Various arrow rest constructions have been proposed. In one commonly used construction, the arrow rest comprises an arm extending upwardly from a cantilever bracket to engage the undersurface of the arrow at about the seven o'clock position, and a plunger extending from the bow handle riser portion at about the three o'clock position. This construction is sometimes referred to as a "shoot-through" type construction.
In another commonly used arrangement, the rest comprises a plunger engageable with the arrow at the three o'clock position, and a curved wire arm extending from the plunger around the undersurface of the arrow to contact the arrow at the seven o'clock position. This arrangement is sometimes referred to as the "shoot-around" type.
Another type of arrow rest comprises two laterally spaced prongs extending from a transverse support shaft to engage the arrow at about the five o'clock and seven o'clock positions.

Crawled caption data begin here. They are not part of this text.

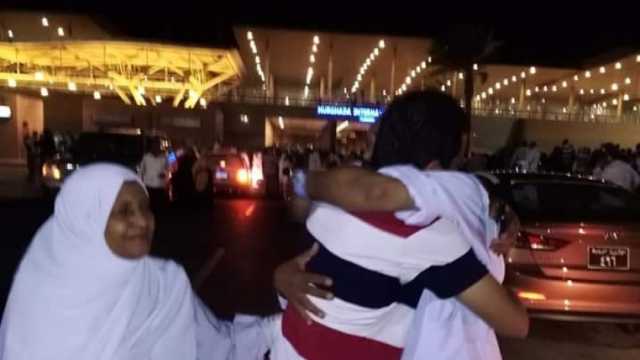 البحر الأحمر تودع 135 حاجا بالأحضان.. «رايحين للنبي الغالي»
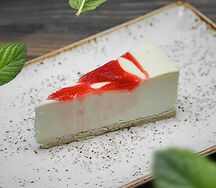 Чизкейк Нью-Йорк с клубникой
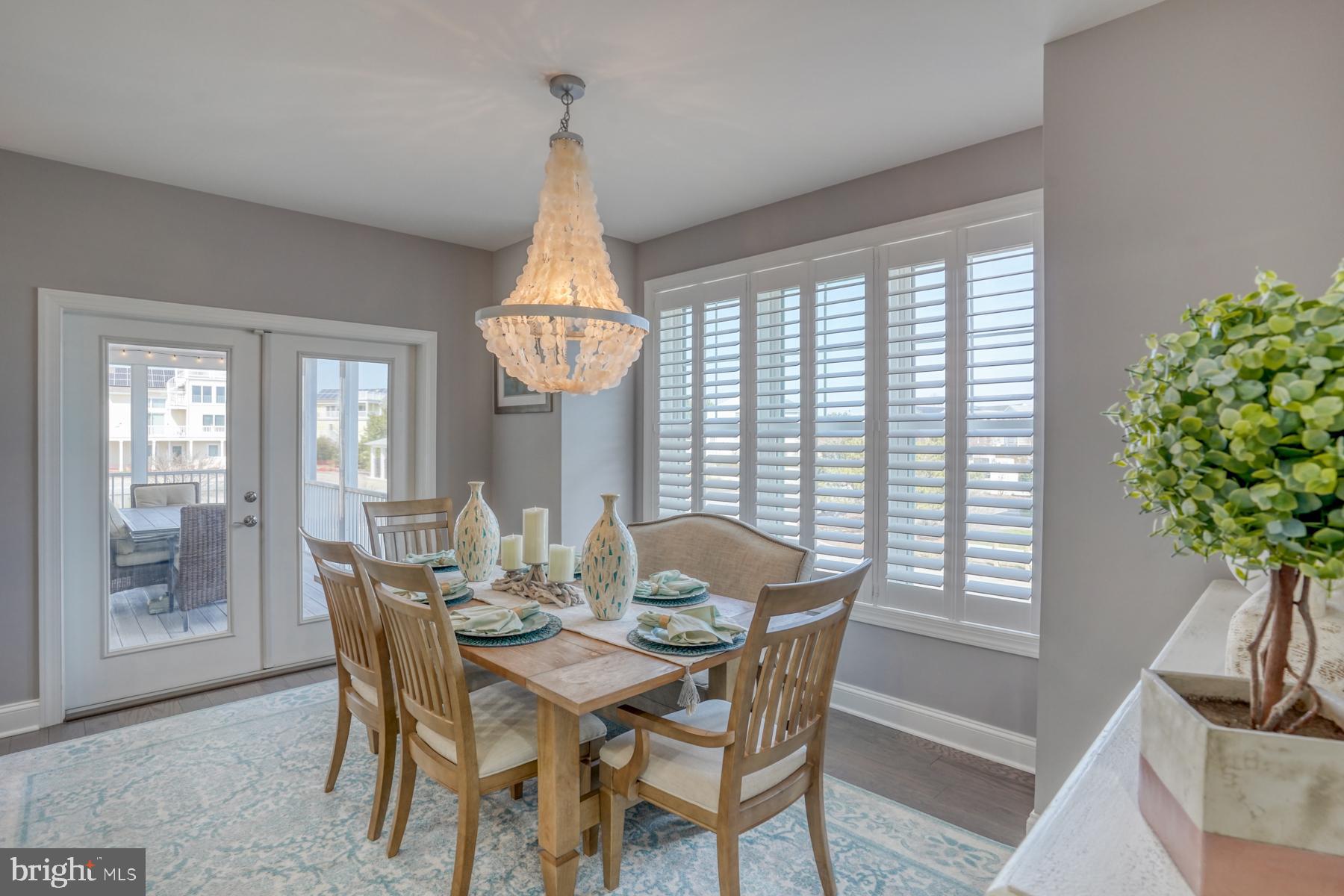 CAPE SHORES - Residential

The prongs are located equidistant from a vertical midplane taken through the arrow centerline. The arrow rests on the tips of the prongs.
The frictional engagement between the arrow side surface and the arrow rest surfaces often produces a discernible noise, which is objectionable when the person is using the bow and arrow for game hunting purposes. The deer, or other animal being hunted, can often hear the noise and jump or otherwise move out of the path of the launched arrow.
There has been developed a relatively noiseless arrow rest that apparently overcomes disadvantages of the conventional arrow rest constructions. The rest that is of interest comprises two small wheels having their movement planes angled at about forty-five degrees to a vertical midplane passing through the arrow centerline. Edge areas of these small wheels engage the arrow undersurfaces at two spaced points located, respectively, at the four-thirty o'clock position and the seven-thirty o'clock position.
The advertising literature for this multi-wheel arrow rest indicates that the wheels are formed of a plastic material having a rubber tire covering; the wheels are said to be smooth-rolling and silent. Apparently the multi-wheel arrow rest comprises a retractable mounting structure, whereby the wheels drop down out of the way during the arrow launch action, so as to prevent contact between the arrow fletches and the arrow rest componentry.
SUMMARY OF THE PRESENT INVENTIONAn object of the present invention is to provide an arrow rest.
A further object of the present invention is to provide a simplified arrow rest, that comprises a single roller positioned directly under the arrow. An annular groove is formed in the roller body so as to define two axially spaced circular flanges. The width of the groove is such that the arrow is enabled to have a stable position resting on the edges of the axially spaced flanges.
During an arrow launch action the arrow shaft moves over the edges of the roller flanges so as to cause the roller to spin on its rotational axis. The single roller has a relatively small mass so that a relatively small expenditure of energy is involved in spinning the roller. The velocity of the arrow is essentially unaffected by the small energy expenditure.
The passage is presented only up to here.